What Role for Business Rules in *Business Agility*? One of the ‘Must-Knows’ of Business Rules …
Celebrating the 10th Anniversary of the Business Rules Manifesto[1] http://www.businessrulesgroup.org/brmanifesto.htm FAQ #5 Question: How do business rules support business agility? Think of business rules as expressing business practices. These practices can cover a wide range of business concerns, including the composition of products, the customization of services for individual customers, operational hand-offs with suppliers, implementation of regulatory constraints, and so forth. Historically, rules have been embedded (hard-coded) in processes, in many different places and often inconsistently. There is no easy traceability for any given rule. Changing rules inevitably requires IT intervention, along with the associated cost and delay. From a business perspective, the resulting business support is simply not agile. Business rules support business agility by providing pinpoint means to evaluate and modify business practices. Rules are expressed and managed independently of processes (a.k.a. rule independence). By that means they can be consolidated (single-sourced) and evolved more rapidly and reliability. From a platform point of view, the Manifesto says it this way …6.1. A business rules application is intentionally built to accommodate continuous change in business rules. The platform on which the application runs should support such continuous change.
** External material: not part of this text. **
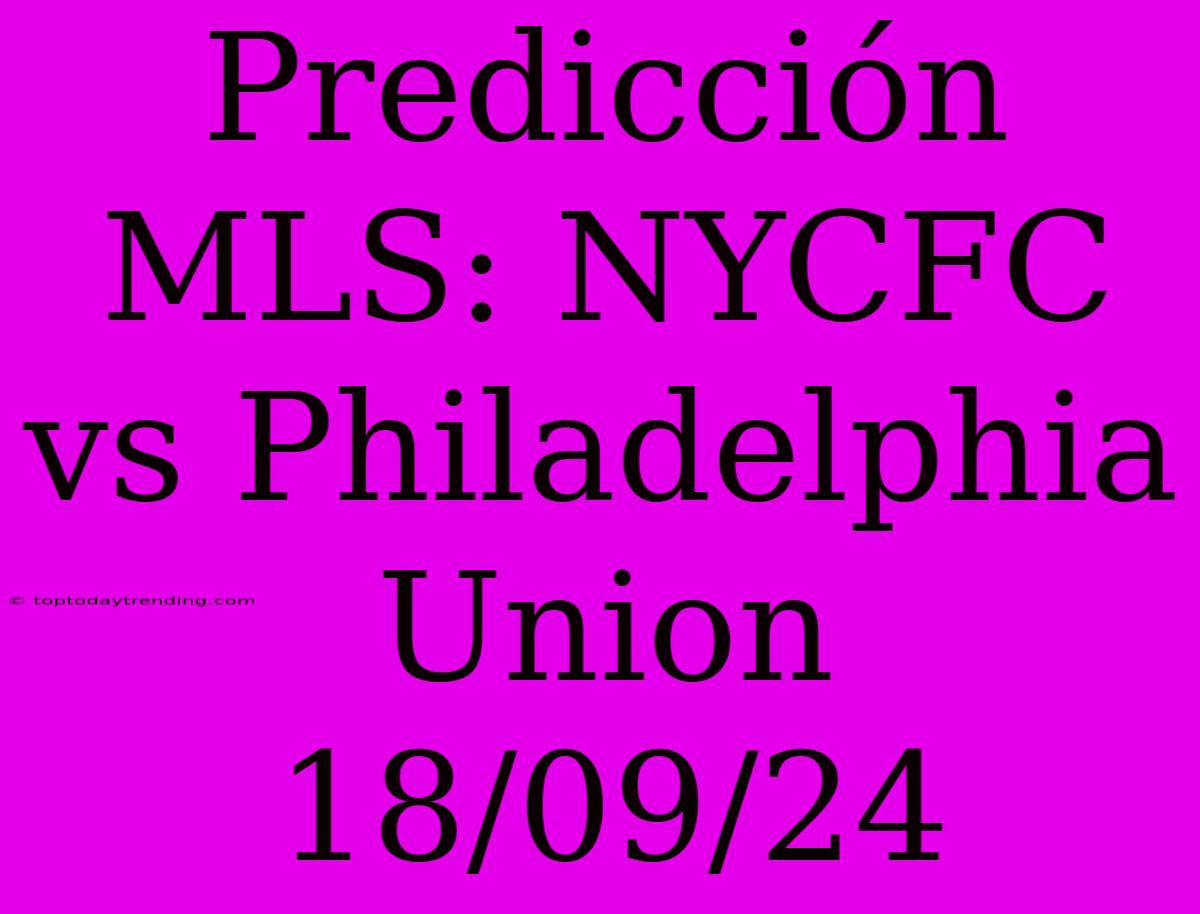 Predicción MLS: NYCFC Vs Philadelphia Union 18/09/24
Clearly some platforms are far better than others in this regard. The quality of their support for rules should be a critical factor in selection and design. Unfortunately, many organizations are trapped as much by legacy platforms as by legacy systems. True business agility requires migration to new platforms as quickly and easily as possible. For example, a central concern of many organizations these days is mobile computing and social media – capabilities not even on the horizon ten years ago when the Manifesto was written. There’s no end to platform innovation in sight – and companies will always want to get on-board faster and faster. Is there any way of doing so without knowing your business rules? No! So the Manifesto recommends …10.3. Business rules should be organized and stored in such a way that they can be readily redeployed to new hardware/software platforms.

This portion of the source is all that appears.